Task instructions: Pictures are to be left out; every line from the one that holds "Nave en venta" to the end of the data is to be retyped exactly.

Provided information:
== Segment start ==

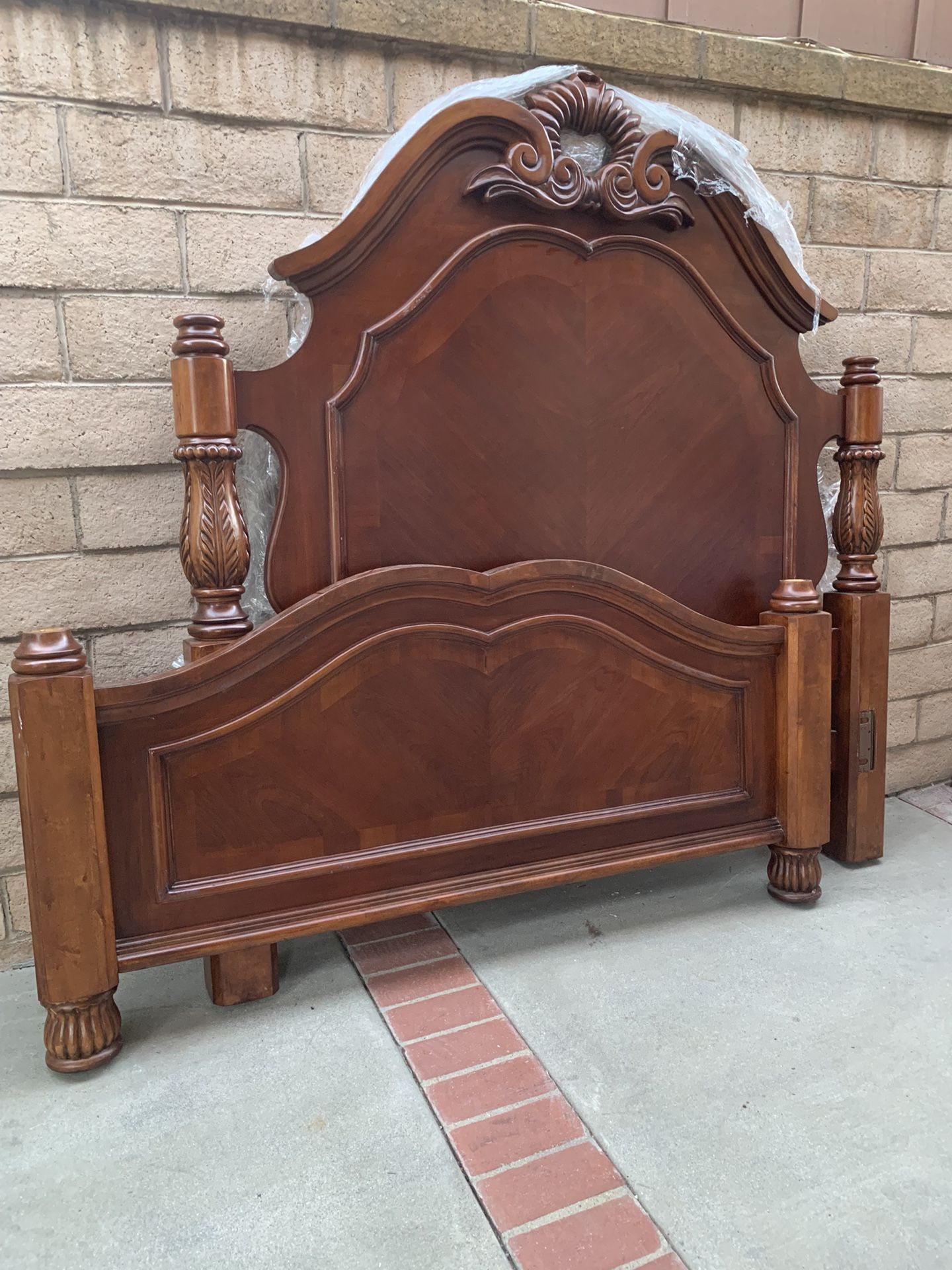 Beautiful Queen Size Bed Frame, Very Good Condition, All Pieces Included, Made With Real Wood/ No Missing Pat.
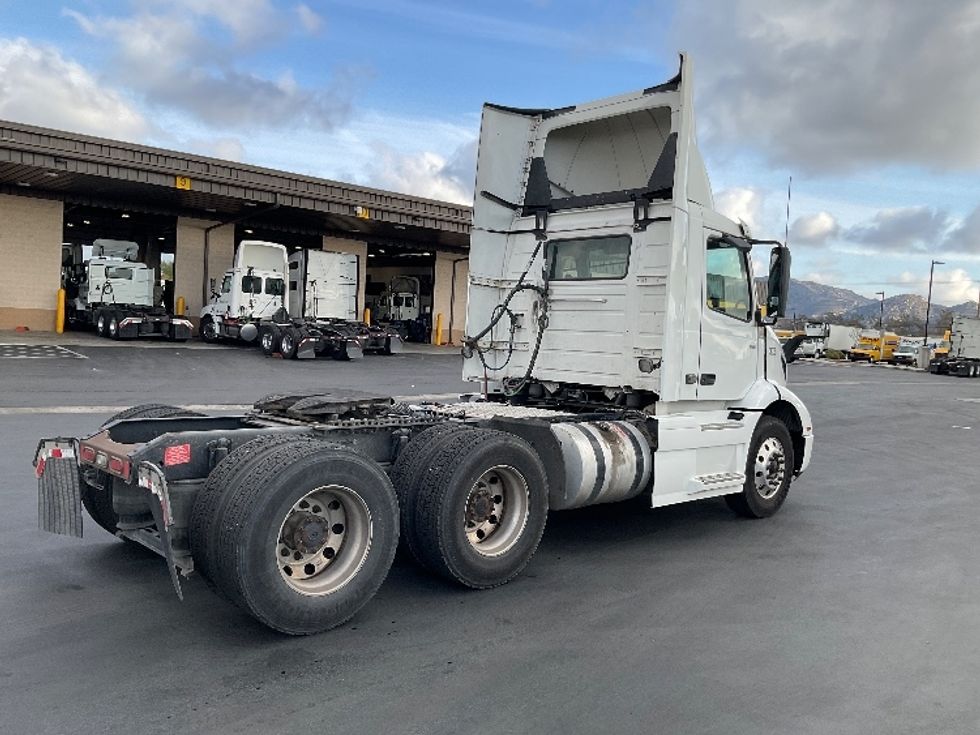 Day Cab Tractor-Heavy Duty Tractors-Volvo-2020-VNR64300-Fontana-CA-488,527\n\t\tmiles-$ 43,250 - Image 7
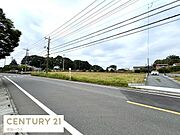 D区画側より撮影◎スーパー・コンビニ・小学校まで徒歩10分圏内！緑豊かな住宅地で穏やかな新生活を始めませんか
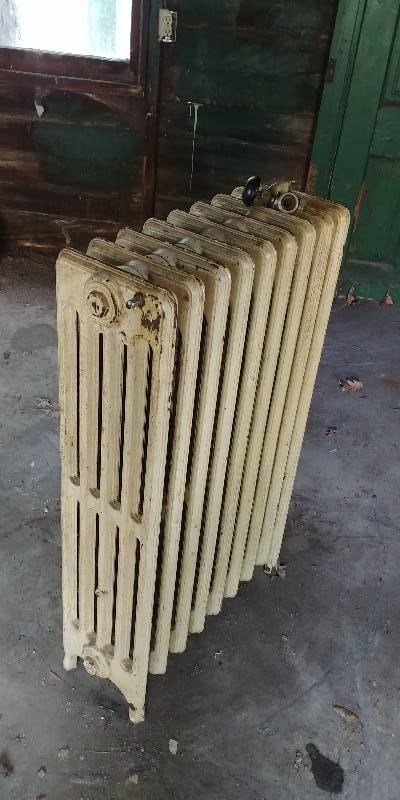 lot 34 image: Vintage& Antique Cast Radiators 22w x 38h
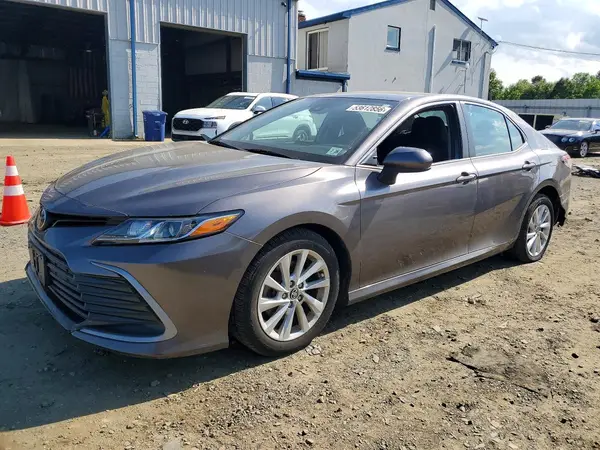 4T1C11AK3MU457895 2021 TOYOTA CAMRY - Image 1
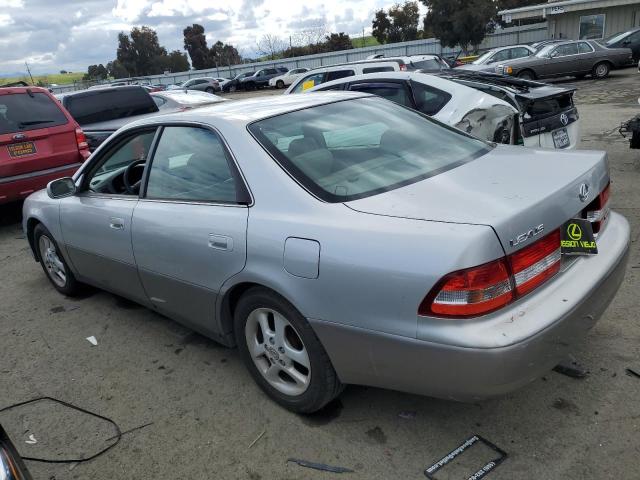 Изображение 2 2001 LEXUS ES 300 2001 с VIN JT8BF28G910324620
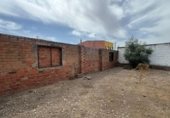Nave en venta con 573m² en Cáceres, en la zona de Charca Musia, Calle del Mar Báltico foto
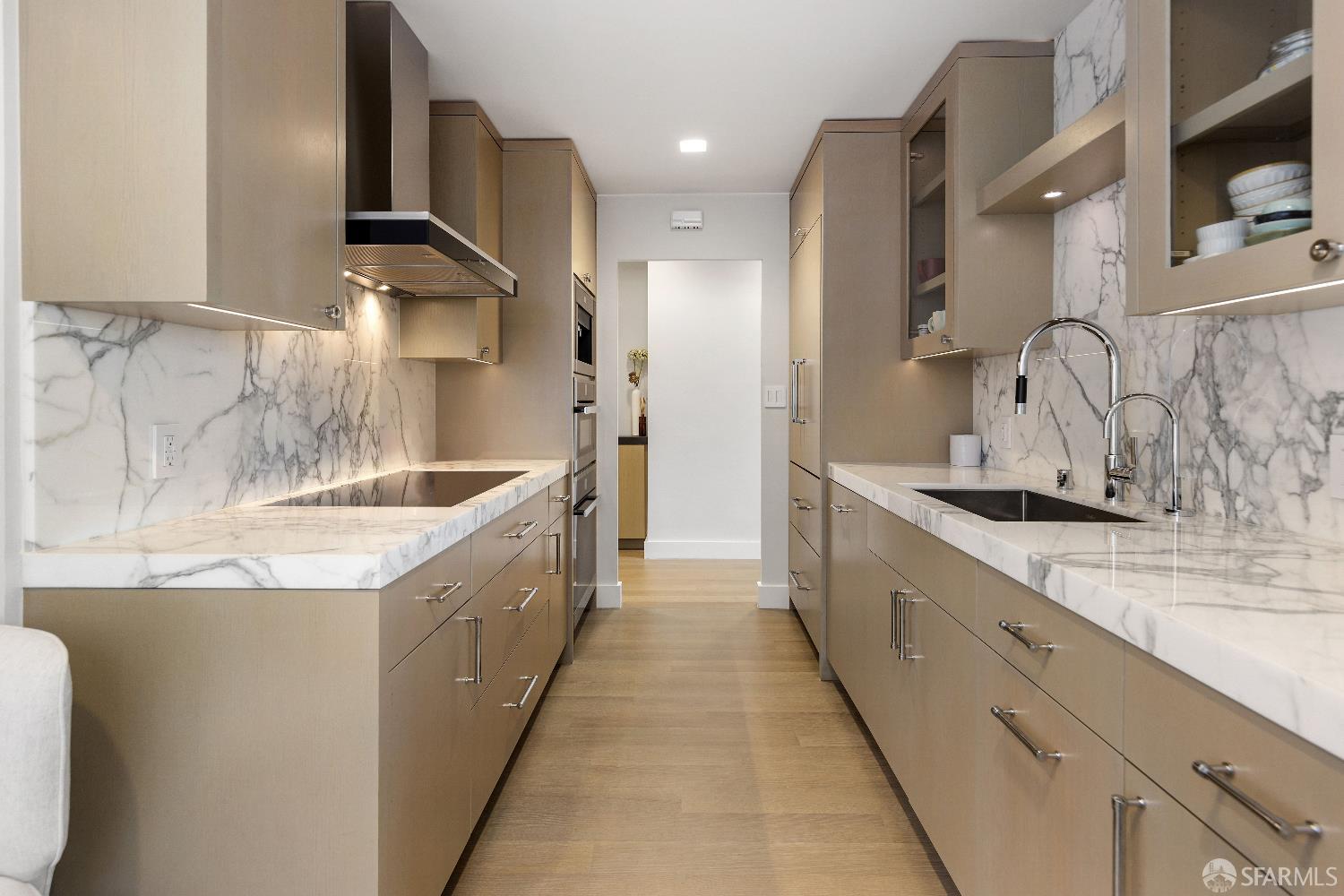 Photo #4: 425023066 Listing: Photo #4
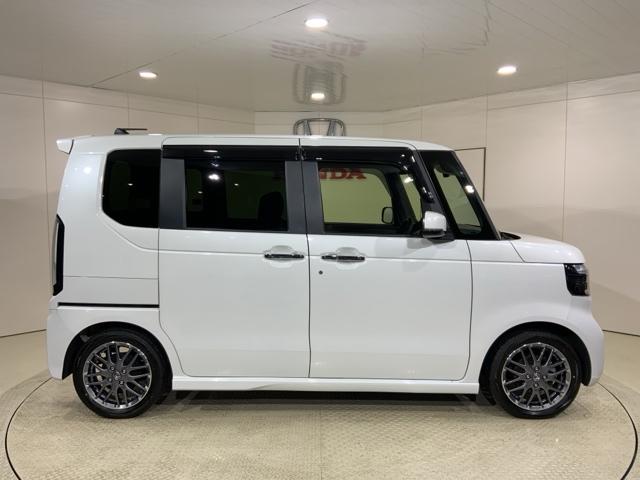 N-BOXカスタム ターボコーディネートスタイル 当社デモカーアップHondaSENSINGモノトーン 両側電動ドア 禁煙車 Rカメラ クルコン スマートキ- パワーステアリング ETC VSA セキュリティ エアコン LEDライト パワーウィンドウ(17枚目)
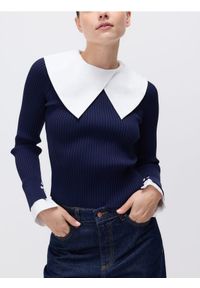 Reserved - Sweter z ozdobnymi wstawkami - granatowy. Kolor: niebieski. Materiał: dzianina, prążkowany, wiskoza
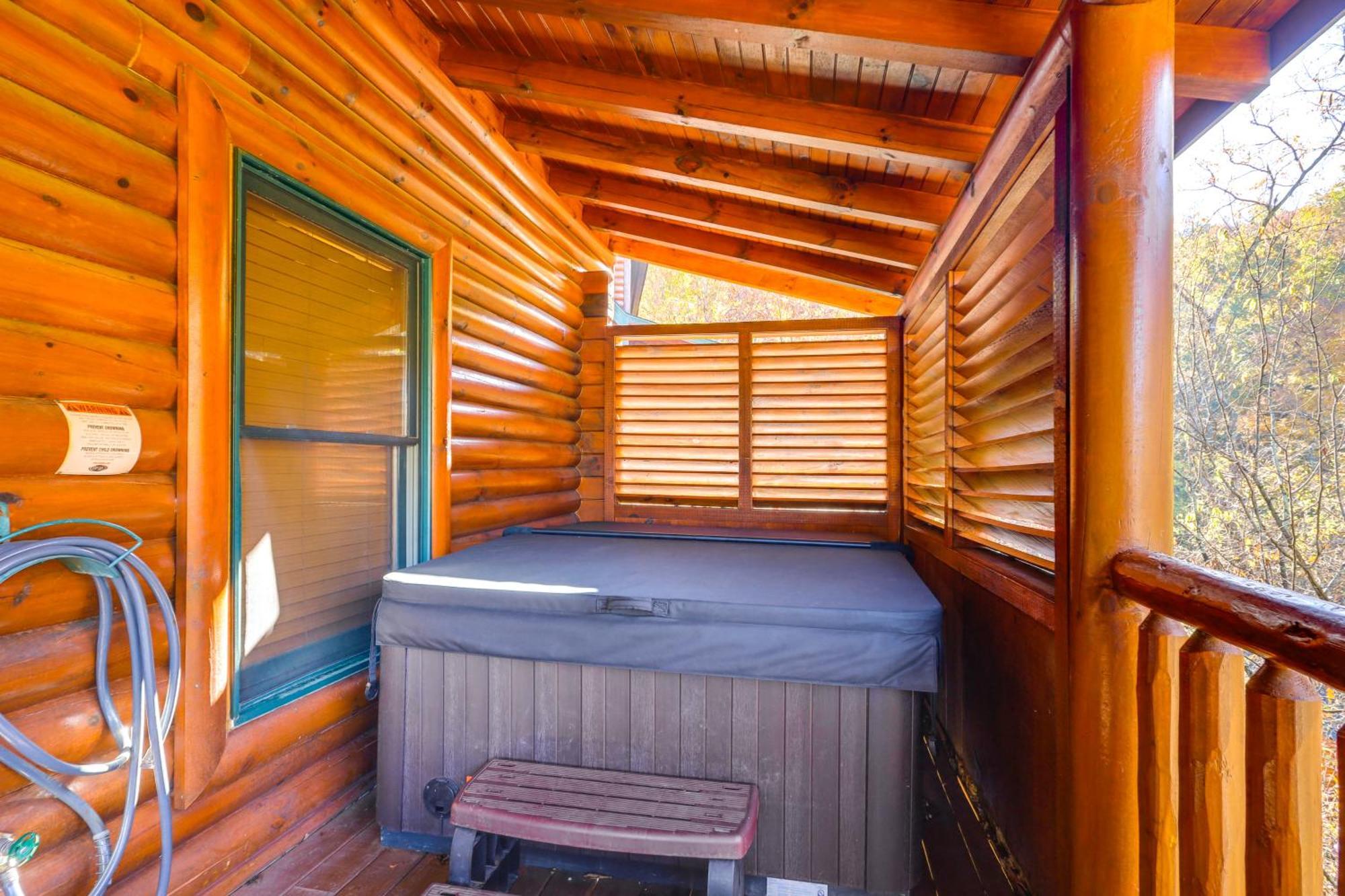 Pigeon Forge Cabin Rental With Decks And Hot Tub! Экстерьер фото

== Segment end ==

Solved exercise:
Nave en venta con 573m² en Cáceres, en la zona de Charca Musia, Calle del Mar Báltico foto
 Photo #4: 425023066 Listing: Photo #4
 N-BOXカスタム ターボコーディネートスタイル 当社デモカーアップHondaSENSINGモノトーン 両側電動ドア 禁煙車 Rカメラ クルコン スマートキ- パワーステアリング ETC VSA セキュリティ エアコン LEDライト パワーウィンドウ(17枚目)
 Reserved - Sweter z ozdobnymi wstawkami - granatowy. Kolor: niebieski. Materiał: dzianina, prążkowany, wiskoza
 Pigeon Forge Cabin Rental With Decks And Hot Tub! Экстерьер фото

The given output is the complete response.